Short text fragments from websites
· · · · · · ·

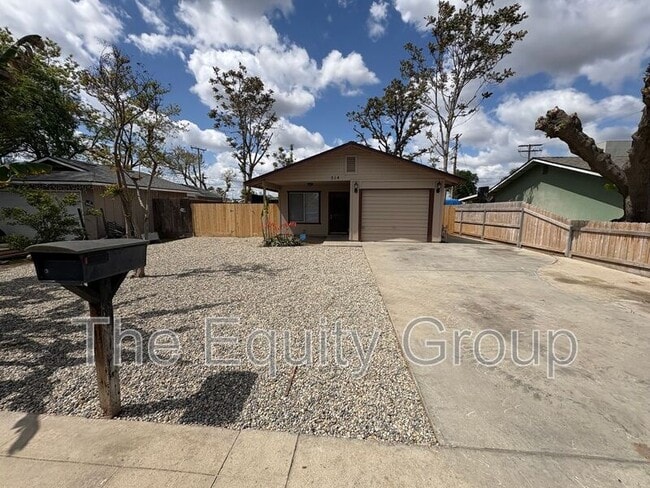 property at 514 N Summers St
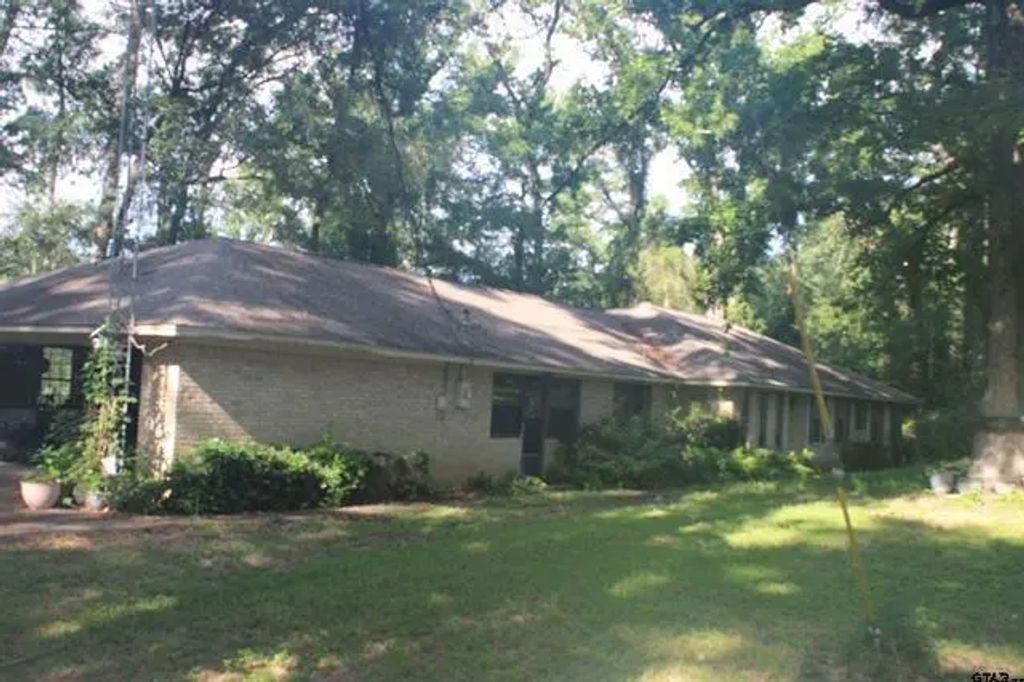 20312 Us Highway 69 S, Tyler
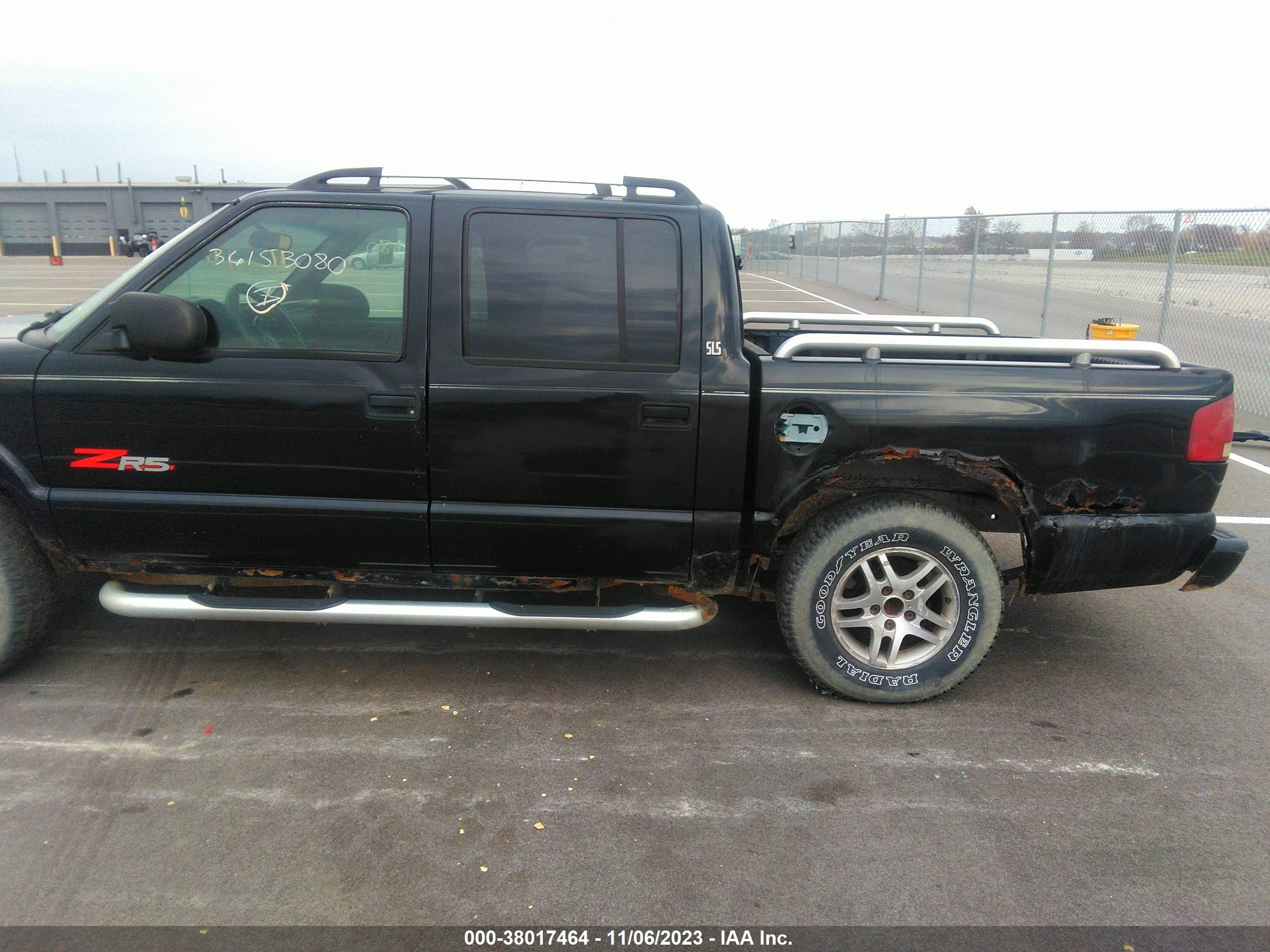 Photo 5 VIN: 2T2GK31U79C071724 - GMC SONOMA 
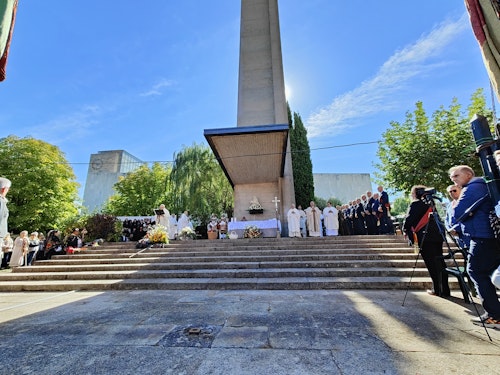 Sigue en directo la romería de carros y pendones de San Froilán a La Virgen del Camino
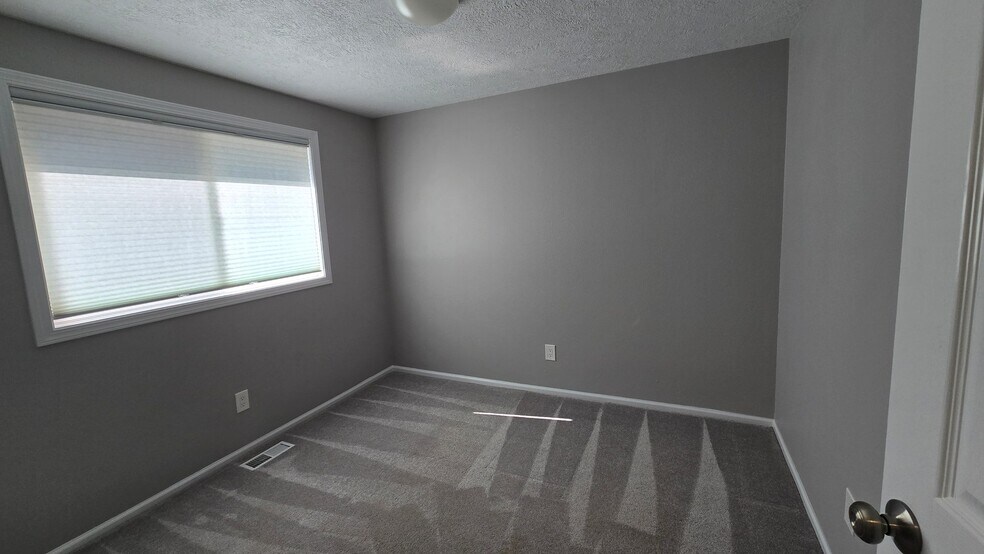 Building Photo - 13938 SW Crist Ct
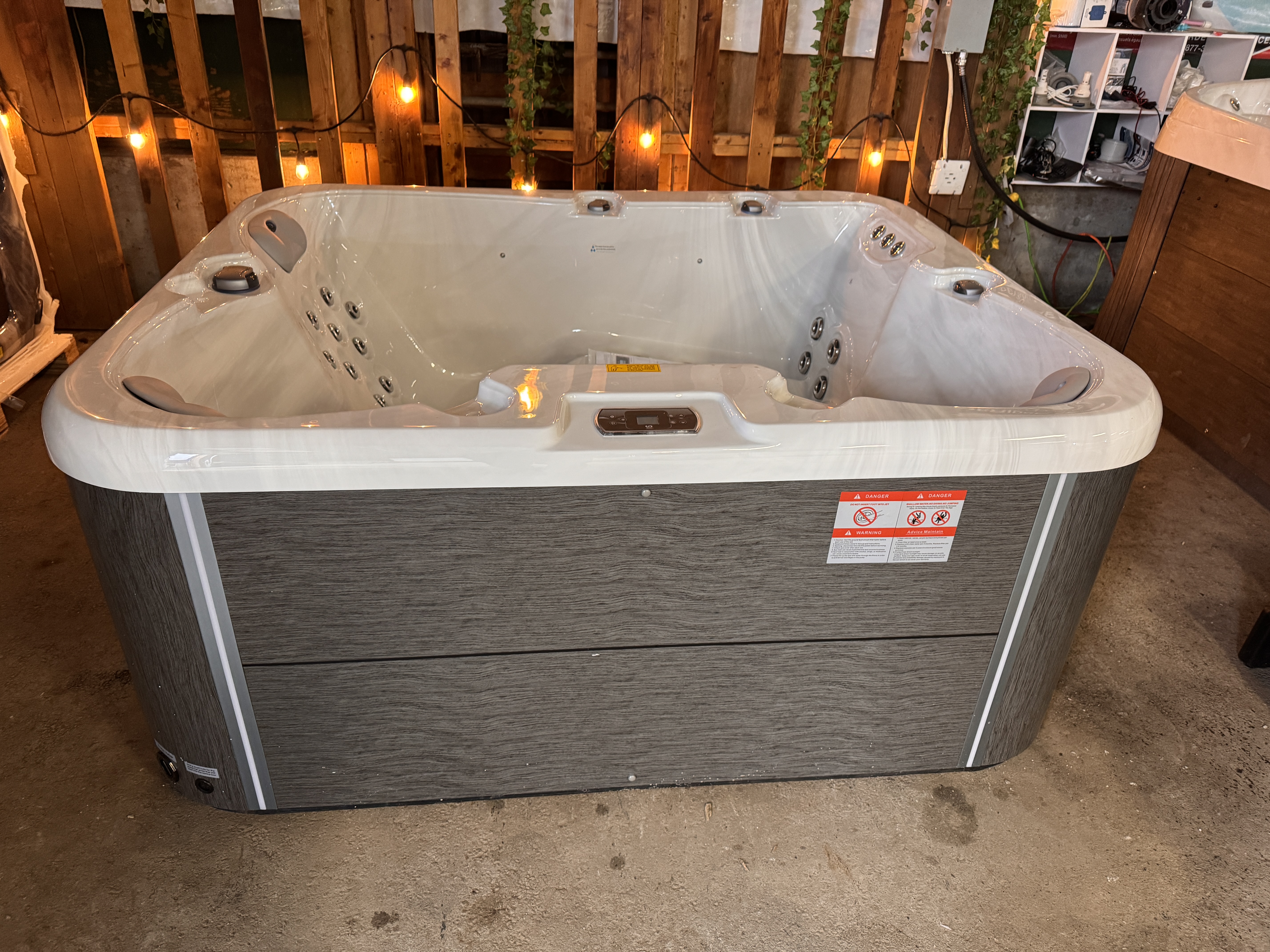 Refurbished 7-Person Hot Tub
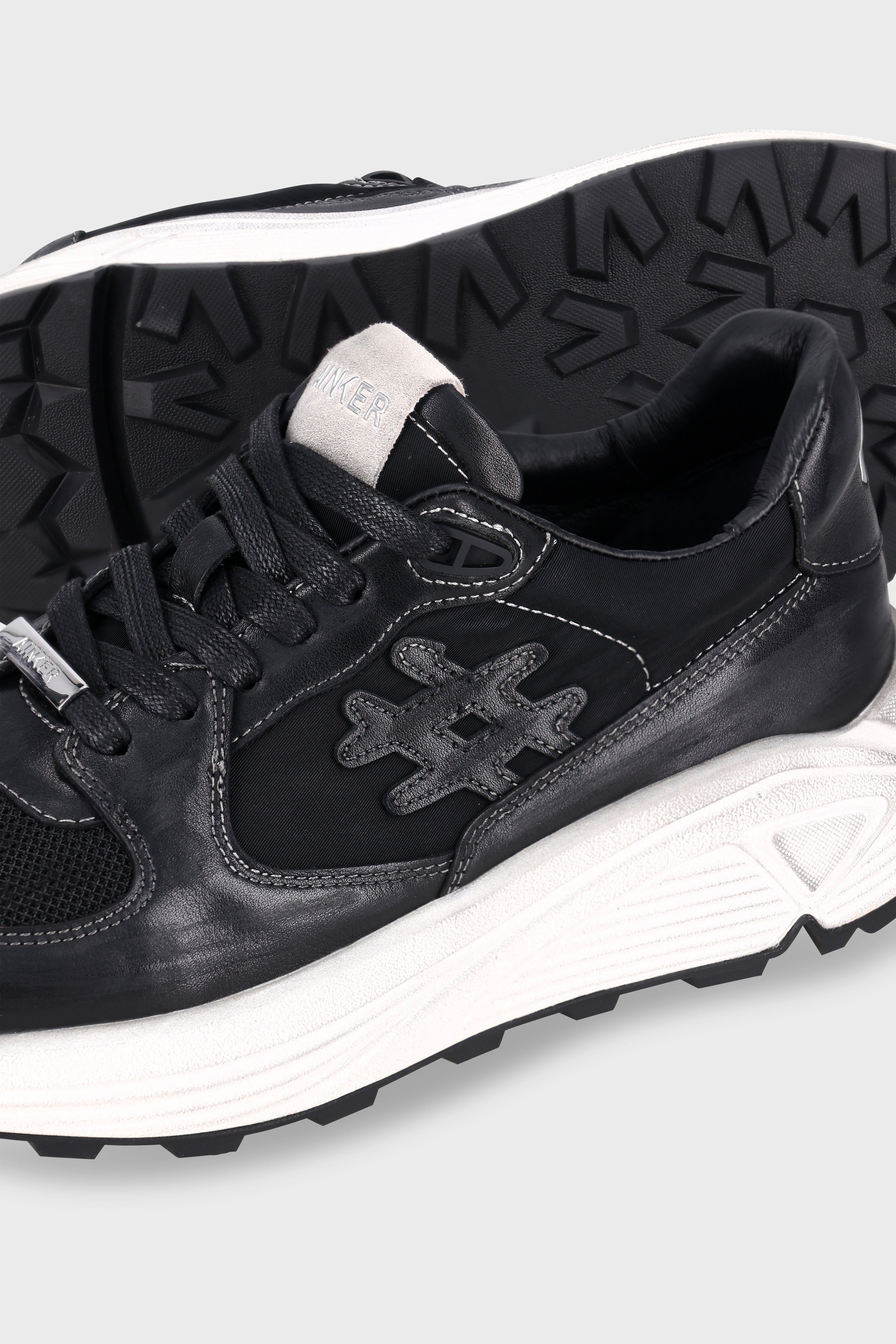 MVP BLK LEATHER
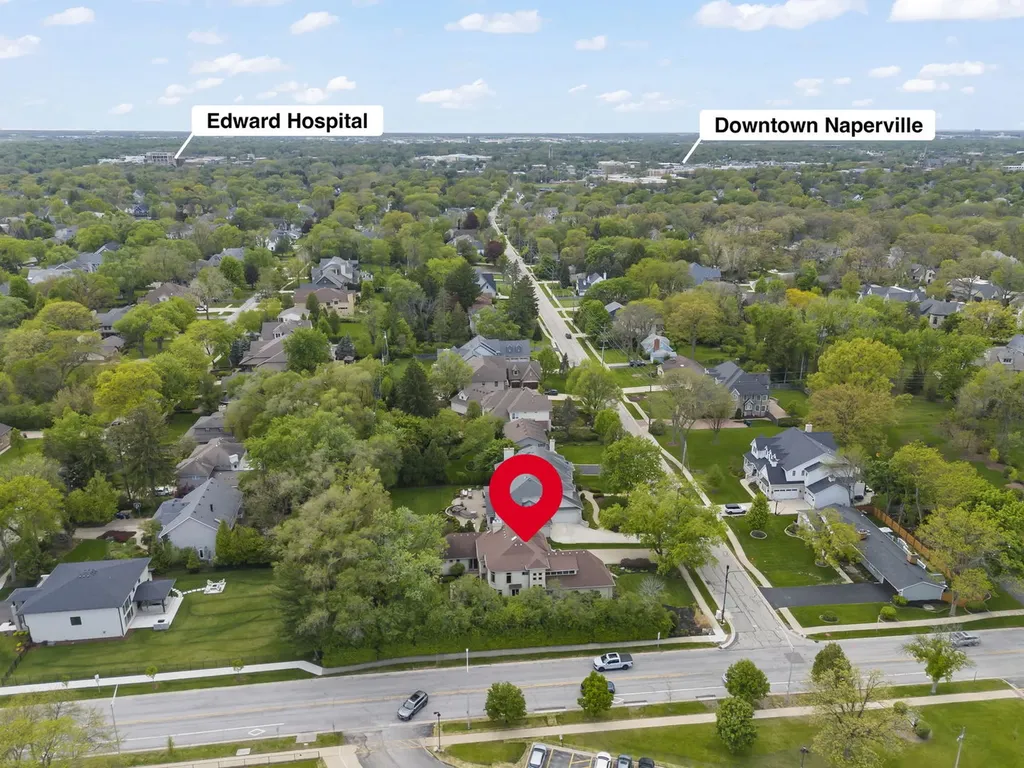 1076 Prairie Avenue Naperville IL 60540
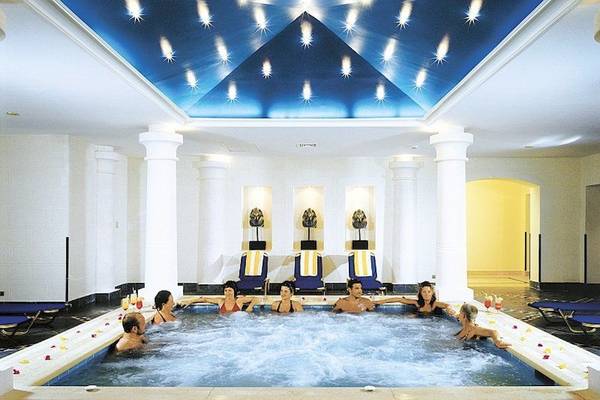 Gruppe von Menschen im Jacuzzi im Jaz Solaya Hotel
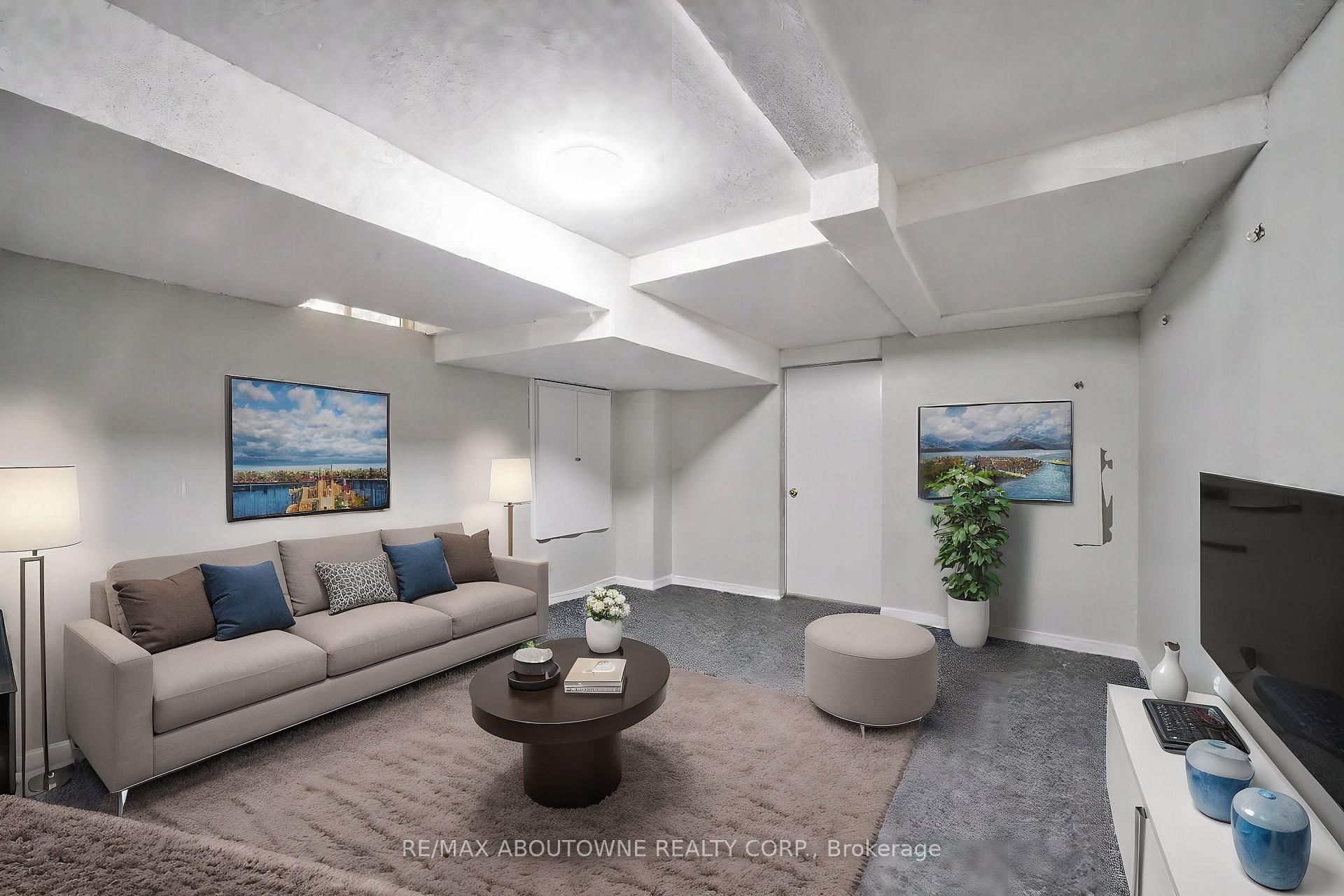Photo 30 of 556 Delphine Drive, Burlington, Appleby — HOMEH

· · · · · · ·

All the lines above need to be repeated exactly, with no pictures carried over.

__Exercise answer__:
 property at 514 N Summers St
 20312 Us Highway 69 S, Tyler
 Photo 5 VIN: 2T2GK31U79C071724 - GMC SONOMA 
 Sigue en directo la romería de carros y pendones de San Froilán a La Virgen del Camino
 Building Photo - 13938 SW Crist Ct
 Refurbished 7-Person Hot Tub
 MVP BLK LEATHER
 1076 Prairie Avenue Naperville IL 60540
 Gruppe von Menschen im Jacuzzi im Jaz Solaya Hotel
Photo 30 of 556 Delphine Drive, Burlington, Appleby — HOMEH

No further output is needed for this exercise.